The rookie said he doesn't know if he'll receive as much assistance Sunday against the Cowboys.

"It's up to the coaches," Vaitai said. "This will be my third game now. I know what to expect now. If they do, it will be really great. If not, you've got win that block."

Five questions: Brandon Brooks

1. What is the first position you played in football? Tight end.

2. What is your best football memory? Probably a tie between winning the league championship at Miami (Ohio) and getting drafted.

3. Who is the toughest opponent you ever faced? [Dolphins defensive tackle] Ndamukong Suh and [Bengals defensive tackle] Geno Atkins.

4. Who is the best teammate you ever had? Titans center Ben Jones.

5. What is your least favorite piece of equipment that you have to wear? Tight jerseys. It's a big man problem, but sometimes your jersey is too tight on your pads.

Inside the game

There are only five teams in the NFL this season that are as balanced as the Eagles, who favor the pass, 54-46.

The Cowboys, for obvious reasons, are the only team that passes less than it runs (49-51). They have a rookie quarterback in Dak Prescott and the league's best rushing attack with running back Zeke Elliott.

Three of the other four teams have mobile quarterbacks (Bills 51-49, 49ers 51-49, Titans 53-47) and the Patriots were without quarterback Tom Brady for their first four games. The Eagles will occasionally run Carson Wentz, and personnel has increasingly made throwing the ball down the field difficult, but Doug Pederson has remained committed to the run.

"Sometimes games dictate that; the personnel dictates that," Pederson said. "I've played the quarterback position and I know how important the run game can be. . . . It opens up your drop-back game, it opens up your play-action pass game."

The visual that may best show the difference between the 2016 Eagles defense and the 2015 version came on a play that didn't even count on Sunday.

Connor Barwin stripped quarterback Sam Bradford and Malcolm Jenkins pounced on the fumble, popped up and ran the other way with nine other Eagles trailing behind. There wasn't a Vikings player in the vicinity and only a few chased.

"It was just kind of a picture of how we came to play and how they came to play," Barwin said.

The touchdown was brought back after Jenkins was ruled down. But the effort stood in contrast to last November, when Buccaneers running back Doug Martin ran free to that exact corner of the end zone at Lincoln Financial Field and only Barwin and a few others gave chase.

Inside the locker room

Josh Huff reached a maximum speed of 21.2 mph during his 98-yard kickoff return for a touchdown against the Vikings, according to the NFL. But does that make him the fastest Eagle?

Most players say that designation belongs to either Huff or cornerback Nolan Carroll. Last year, the latter had a faster speed, according to GPS technology. Carroll hit a top speed of 22.7 mph while Huff's best was 22.4.
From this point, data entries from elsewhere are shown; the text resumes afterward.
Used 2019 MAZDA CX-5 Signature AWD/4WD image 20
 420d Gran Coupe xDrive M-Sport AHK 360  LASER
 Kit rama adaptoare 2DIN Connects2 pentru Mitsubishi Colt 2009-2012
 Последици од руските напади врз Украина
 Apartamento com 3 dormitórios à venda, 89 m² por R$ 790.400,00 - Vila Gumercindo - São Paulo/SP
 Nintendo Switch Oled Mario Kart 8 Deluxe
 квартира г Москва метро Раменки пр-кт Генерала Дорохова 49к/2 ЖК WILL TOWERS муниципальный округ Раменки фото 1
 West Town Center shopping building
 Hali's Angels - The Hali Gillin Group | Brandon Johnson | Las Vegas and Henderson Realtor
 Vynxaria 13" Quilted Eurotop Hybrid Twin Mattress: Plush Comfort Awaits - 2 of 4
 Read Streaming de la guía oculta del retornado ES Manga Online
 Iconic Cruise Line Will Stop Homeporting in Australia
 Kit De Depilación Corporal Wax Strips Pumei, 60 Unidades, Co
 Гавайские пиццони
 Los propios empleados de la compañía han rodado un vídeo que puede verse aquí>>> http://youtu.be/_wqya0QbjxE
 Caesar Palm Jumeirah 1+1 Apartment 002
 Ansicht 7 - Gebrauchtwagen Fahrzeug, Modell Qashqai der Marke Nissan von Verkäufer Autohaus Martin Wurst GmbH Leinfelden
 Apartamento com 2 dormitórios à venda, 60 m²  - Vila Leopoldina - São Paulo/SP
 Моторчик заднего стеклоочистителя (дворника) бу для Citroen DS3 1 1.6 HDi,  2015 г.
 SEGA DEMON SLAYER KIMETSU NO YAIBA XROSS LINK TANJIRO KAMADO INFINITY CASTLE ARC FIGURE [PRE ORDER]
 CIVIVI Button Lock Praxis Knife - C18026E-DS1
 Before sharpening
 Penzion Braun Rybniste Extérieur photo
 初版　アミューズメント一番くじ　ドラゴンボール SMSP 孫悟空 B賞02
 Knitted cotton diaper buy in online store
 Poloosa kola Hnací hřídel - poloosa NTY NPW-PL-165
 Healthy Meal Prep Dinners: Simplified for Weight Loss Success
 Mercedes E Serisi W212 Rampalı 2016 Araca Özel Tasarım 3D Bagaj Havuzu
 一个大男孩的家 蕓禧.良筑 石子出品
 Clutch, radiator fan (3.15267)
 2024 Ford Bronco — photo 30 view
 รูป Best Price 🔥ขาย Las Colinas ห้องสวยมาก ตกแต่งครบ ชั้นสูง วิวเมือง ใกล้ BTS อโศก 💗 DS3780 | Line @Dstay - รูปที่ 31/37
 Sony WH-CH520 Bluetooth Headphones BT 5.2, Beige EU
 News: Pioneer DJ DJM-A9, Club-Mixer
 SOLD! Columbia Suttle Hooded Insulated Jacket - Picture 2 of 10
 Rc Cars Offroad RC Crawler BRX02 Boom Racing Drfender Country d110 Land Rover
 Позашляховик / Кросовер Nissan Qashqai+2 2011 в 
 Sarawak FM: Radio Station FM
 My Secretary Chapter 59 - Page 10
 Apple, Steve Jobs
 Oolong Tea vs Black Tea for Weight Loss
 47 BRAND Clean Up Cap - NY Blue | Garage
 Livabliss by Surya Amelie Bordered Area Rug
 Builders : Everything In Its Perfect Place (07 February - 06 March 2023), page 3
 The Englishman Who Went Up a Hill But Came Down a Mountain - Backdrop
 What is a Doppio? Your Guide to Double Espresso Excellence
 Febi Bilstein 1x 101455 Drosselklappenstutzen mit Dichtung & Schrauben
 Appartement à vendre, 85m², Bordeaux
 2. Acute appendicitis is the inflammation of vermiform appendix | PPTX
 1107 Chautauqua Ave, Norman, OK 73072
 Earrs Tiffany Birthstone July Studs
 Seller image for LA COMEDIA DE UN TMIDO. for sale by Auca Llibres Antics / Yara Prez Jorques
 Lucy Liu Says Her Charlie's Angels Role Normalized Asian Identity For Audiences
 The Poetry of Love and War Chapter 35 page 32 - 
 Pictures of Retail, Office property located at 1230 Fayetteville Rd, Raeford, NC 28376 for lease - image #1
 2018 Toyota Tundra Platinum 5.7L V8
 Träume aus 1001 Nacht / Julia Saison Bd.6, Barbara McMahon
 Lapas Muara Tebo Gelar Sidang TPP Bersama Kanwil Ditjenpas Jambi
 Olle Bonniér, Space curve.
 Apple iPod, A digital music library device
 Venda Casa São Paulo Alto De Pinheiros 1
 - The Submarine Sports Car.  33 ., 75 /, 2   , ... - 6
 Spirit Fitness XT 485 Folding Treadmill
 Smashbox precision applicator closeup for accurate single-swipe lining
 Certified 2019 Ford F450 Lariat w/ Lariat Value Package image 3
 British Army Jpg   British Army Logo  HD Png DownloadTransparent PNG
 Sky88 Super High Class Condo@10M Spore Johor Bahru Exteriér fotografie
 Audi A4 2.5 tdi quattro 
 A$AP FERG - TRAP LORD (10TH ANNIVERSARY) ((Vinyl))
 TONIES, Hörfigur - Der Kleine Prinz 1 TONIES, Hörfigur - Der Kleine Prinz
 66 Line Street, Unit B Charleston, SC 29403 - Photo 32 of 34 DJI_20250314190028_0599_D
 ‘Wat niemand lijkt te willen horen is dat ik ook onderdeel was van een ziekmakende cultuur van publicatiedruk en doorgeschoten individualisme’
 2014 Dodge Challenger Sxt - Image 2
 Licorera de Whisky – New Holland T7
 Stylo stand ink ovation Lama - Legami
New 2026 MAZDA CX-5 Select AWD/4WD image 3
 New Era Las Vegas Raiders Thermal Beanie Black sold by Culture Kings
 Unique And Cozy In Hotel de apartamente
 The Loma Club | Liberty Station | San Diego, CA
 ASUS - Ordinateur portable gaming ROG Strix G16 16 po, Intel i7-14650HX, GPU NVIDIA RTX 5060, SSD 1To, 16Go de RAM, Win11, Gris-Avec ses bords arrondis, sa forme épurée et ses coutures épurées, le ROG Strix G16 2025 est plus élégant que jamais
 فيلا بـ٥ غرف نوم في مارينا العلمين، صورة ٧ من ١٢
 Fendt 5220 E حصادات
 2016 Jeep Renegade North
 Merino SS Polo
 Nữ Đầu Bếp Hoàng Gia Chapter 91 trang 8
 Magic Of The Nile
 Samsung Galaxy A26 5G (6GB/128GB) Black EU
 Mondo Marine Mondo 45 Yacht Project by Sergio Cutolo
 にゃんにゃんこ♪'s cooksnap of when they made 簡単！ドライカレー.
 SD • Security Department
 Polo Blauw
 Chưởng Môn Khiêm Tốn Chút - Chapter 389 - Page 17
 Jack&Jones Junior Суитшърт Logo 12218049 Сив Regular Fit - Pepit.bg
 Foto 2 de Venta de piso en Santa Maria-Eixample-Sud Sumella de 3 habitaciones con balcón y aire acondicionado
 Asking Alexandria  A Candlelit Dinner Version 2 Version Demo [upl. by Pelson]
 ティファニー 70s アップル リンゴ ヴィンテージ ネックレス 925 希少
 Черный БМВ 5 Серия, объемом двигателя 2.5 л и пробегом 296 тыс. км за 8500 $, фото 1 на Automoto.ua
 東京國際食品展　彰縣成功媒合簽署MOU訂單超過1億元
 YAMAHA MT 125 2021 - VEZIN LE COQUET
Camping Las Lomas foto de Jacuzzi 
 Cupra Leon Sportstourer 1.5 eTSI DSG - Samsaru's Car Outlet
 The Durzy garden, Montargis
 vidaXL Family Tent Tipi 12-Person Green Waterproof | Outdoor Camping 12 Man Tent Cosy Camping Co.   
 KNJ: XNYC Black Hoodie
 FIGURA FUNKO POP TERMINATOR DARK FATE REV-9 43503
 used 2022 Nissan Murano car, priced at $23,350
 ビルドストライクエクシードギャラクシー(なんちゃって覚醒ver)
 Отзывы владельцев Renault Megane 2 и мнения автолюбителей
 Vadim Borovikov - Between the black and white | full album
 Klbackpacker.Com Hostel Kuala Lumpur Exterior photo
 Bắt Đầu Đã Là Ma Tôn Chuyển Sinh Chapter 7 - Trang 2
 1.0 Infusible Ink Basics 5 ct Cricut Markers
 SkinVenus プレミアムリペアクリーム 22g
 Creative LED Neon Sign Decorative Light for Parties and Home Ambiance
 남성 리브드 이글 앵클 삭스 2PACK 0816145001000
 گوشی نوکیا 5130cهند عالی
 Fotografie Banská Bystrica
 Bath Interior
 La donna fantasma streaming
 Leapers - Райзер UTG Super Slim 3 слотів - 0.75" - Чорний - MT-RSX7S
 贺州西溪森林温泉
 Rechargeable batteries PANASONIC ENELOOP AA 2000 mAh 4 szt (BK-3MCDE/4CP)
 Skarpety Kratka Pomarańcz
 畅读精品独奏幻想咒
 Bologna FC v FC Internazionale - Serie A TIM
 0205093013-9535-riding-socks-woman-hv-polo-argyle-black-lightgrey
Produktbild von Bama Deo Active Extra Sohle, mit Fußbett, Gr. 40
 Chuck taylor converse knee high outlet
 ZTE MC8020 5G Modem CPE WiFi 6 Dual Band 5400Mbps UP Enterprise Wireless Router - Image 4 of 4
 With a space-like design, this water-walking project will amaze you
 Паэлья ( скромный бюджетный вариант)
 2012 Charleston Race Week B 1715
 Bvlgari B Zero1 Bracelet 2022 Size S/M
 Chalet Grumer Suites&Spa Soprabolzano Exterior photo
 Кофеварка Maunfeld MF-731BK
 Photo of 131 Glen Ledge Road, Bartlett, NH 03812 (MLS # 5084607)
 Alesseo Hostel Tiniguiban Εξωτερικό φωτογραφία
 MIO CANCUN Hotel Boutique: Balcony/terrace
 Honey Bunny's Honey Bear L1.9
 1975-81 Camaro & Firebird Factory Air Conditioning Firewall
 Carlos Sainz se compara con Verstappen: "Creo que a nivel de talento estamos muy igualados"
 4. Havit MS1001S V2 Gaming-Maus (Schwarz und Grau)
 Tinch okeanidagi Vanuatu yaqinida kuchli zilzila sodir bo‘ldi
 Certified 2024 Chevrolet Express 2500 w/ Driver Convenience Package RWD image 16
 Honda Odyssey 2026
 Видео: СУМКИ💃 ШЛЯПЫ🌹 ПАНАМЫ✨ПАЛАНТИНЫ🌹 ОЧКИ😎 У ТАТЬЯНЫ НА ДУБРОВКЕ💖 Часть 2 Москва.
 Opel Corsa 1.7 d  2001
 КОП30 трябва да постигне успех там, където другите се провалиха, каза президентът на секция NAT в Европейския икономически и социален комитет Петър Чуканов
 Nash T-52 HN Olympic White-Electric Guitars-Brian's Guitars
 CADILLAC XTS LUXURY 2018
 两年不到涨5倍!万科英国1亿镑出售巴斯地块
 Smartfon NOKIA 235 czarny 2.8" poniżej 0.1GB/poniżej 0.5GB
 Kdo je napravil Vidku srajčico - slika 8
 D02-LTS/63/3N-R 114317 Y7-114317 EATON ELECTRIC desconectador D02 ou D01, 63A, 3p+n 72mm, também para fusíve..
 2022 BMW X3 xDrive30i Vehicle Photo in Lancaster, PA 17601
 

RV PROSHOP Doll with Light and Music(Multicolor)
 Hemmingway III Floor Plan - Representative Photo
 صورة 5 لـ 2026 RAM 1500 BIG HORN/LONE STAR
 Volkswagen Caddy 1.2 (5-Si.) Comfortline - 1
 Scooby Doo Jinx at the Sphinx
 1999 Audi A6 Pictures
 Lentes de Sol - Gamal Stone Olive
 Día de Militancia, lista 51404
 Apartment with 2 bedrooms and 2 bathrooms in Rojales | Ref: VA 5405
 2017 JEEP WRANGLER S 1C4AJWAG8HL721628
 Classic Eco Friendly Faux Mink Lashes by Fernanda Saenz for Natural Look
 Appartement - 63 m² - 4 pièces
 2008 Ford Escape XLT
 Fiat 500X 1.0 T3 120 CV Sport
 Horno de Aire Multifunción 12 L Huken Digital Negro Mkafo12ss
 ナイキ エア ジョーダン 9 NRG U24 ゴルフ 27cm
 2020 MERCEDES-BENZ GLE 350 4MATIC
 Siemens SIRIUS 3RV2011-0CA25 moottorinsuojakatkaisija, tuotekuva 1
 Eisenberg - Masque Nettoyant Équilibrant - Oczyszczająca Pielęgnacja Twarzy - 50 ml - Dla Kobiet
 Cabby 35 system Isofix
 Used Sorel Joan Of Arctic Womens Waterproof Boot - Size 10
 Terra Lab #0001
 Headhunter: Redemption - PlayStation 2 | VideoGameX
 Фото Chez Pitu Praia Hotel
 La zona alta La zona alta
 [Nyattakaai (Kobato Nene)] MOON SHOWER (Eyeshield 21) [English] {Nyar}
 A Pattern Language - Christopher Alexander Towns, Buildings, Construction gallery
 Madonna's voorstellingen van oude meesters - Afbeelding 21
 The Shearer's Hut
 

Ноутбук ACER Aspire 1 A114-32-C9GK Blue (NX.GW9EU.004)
"I'm more a football speed guy," said Huff, who ran only a 4.5-second 40-yard dash at the NFL scouting combine three years ago.

Carroll said he didn't know his speed this year. Wide receiver Bryce Treggs, who was signed just last month, said he has yet to be clocked, but some in the locker room said he could be the fastest.

By the numbers

74 - Number of plays the Eagles have run off the left or right end, which is tops in the NFL. They average 4.5 yards per carry on those rushes. The league average per team is 37.6 outside rushes.

11.3 - Percentage of pass plays (11 of 124) that Zach Ertz has stayed in to block. Brent Celek has blocked on 42.3 percent of his pass snaps (25 of 59).

46.4 - Percentage of third downs 5 yards or fewer that the Eagles have been successful converting. (They are 28.6 percent on third and 6 or more.)